Cascade is the leading designer, developer, manufacturer and marketer of lacrosse helmets and eyewear in North America, and is a leading and well-recognized brand in the broader lacrosse equipment industry. In addition to Cascade's lacrosse business, the acquisition also includes Cascade's recently-established hockey helmet business, which has experienced success in the industry with its M11 helmet, which was co-developed with hockey icon Mark Messier. Cascade designs and manufactures all of its products at its operations in Liverpool, NY, which allows it to provide 48-hour turnaround time for custom helmet orders and over 750,000 different color combinations.

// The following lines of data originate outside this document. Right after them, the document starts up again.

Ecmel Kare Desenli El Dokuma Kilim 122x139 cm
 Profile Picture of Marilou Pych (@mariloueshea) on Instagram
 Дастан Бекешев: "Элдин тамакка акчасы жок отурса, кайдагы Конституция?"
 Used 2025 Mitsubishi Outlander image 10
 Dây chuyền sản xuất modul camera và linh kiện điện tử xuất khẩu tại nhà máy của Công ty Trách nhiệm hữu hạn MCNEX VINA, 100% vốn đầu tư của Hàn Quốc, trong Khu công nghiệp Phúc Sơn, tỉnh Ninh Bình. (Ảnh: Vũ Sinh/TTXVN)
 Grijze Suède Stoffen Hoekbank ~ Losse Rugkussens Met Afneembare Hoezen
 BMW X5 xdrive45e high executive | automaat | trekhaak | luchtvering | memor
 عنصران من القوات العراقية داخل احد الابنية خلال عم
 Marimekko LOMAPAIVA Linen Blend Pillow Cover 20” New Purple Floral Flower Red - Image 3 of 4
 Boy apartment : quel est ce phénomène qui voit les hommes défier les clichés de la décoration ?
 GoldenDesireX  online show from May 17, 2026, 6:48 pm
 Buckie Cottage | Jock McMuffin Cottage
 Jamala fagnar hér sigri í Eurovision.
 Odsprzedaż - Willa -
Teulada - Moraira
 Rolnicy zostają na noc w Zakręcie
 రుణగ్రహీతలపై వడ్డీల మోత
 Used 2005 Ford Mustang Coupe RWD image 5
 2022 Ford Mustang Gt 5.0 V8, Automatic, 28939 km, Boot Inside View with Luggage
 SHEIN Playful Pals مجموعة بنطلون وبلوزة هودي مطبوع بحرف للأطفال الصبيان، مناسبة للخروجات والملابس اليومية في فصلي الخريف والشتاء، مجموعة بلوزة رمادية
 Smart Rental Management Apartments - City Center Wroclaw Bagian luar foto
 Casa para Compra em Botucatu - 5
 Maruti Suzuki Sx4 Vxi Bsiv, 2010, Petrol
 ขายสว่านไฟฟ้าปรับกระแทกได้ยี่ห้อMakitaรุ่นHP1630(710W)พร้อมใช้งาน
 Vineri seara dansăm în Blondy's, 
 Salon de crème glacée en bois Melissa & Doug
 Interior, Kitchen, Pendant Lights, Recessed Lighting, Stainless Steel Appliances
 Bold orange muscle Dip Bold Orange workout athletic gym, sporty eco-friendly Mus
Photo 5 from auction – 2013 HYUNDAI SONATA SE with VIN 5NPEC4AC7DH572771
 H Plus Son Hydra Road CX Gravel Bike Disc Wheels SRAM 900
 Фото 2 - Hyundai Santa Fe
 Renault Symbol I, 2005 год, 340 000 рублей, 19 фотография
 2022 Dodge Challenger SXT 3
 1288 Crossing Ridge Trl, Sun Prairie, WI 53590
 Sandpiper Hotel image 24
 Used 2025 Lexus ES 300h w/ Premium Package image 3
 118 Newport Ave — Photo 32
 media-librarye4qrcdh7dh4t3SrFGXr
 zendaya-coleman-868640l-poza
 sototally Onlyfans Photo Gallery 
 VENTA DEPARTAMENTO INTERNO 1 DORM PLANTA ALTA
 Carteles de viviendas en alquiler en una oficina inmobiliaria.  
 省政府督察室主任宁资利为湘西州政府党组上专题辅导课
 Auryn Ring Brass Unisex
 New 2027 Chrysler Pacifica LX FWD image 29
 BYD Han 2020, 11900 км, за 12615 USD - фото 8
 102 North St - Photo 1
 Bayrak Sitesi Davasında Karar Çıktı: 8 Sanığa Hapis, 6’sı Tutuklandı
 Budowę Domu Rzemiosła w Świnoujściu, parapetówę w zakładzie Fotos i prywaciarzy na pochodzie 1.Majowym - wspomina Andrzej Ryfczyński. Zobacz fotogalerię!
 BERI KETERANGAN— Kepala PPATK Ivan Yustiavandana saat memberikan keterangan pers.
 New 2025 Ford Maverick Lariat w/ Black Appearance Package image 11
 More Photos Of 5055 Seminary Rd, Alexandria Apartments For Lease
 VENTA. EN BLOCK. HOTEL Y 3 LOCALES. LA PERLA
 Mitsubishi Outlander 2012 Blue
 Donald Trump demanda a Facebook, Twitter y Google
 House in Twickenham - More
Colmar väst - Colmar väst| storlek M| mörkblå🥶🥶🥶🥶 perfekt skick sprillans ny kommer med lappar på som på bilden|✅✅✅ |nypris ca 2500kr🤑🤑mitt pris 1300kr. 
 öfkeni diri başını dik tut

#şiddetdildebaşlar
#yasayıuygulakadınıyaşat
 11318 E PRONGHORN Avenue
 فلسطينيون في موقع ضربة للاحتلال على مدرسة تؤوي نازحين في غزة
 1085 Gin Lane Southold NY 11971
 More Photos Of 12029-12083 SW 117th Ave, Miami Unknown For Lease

One of BAUER's key growth strategies is to pursue acquisitions of complementary sports equipment companies that require innovative performance products, feature authentic brands, and are or have the potential to become leaders in their categories. The Acquisition of Cascade by BAUER expands BAUER's presence in the lacrosse equipment industry, adding the industry's premier line of helmets to the Maverik family of sticks, heads, shafts and protective gear. The transaction also provides an attractive opportunity to leverage BAUER's commitment to product development and safety, realize attractive cross-selling opportunities, and achieve cost synergies. BAUER intends to leverage Cascade's patented head-protection technologies and extend and build upon its partnership with Mark Messier to improve player safety through product developments, education and awareness initiatives. BAUER also plans to continue Cascade's custom manufacturing capabilities for lacrosse and hockey helmets and expects to expand manufacturing at its facility to include BAUER-branded hockey helmets.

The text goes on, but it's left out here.